### YOUR INSTRUCTIONS
All lines in the records below from the line with "White floral wreath on a black easel stand" through the line with "Stock photo: orange" are to be given again exactly, both ends included; the pictures are to be left out.

### RECORD EXTRACTS
§

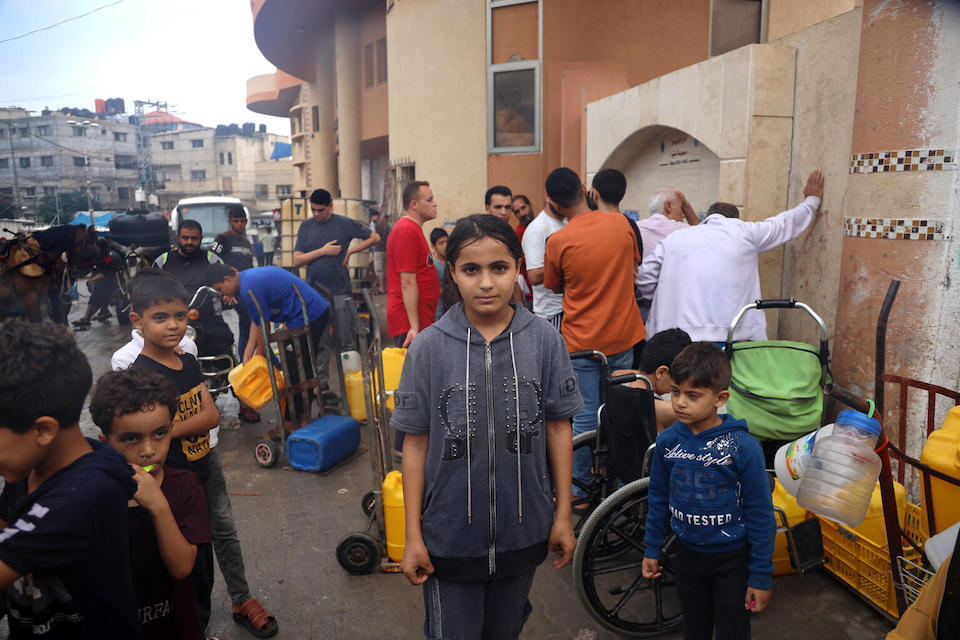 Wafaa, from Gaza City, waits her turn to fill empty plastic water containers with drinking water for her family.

§

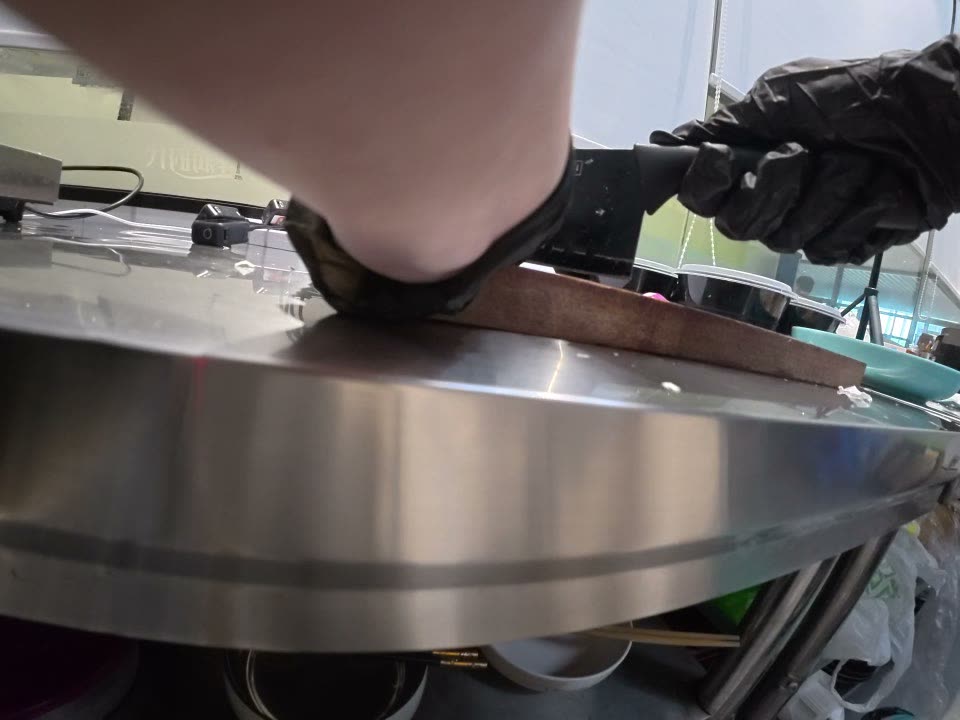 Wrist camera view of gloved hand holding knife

§

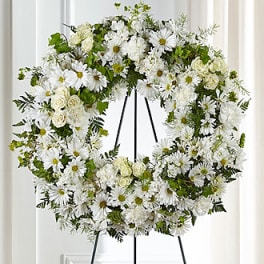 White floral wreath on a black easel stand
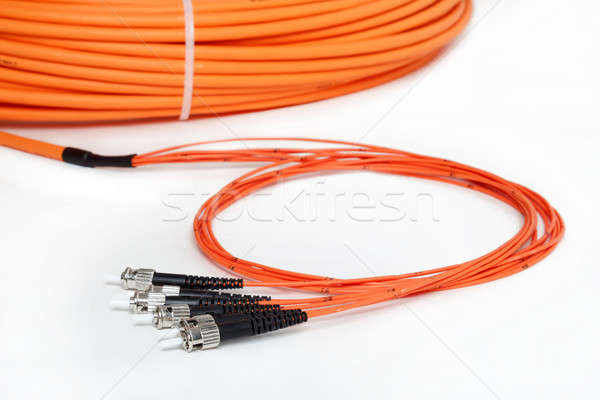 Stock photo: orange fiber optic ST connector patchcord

§

### RESPONSE
 White floral wreath on a black easel stand
 Stock photo: orange fiber optic ST connector patchcord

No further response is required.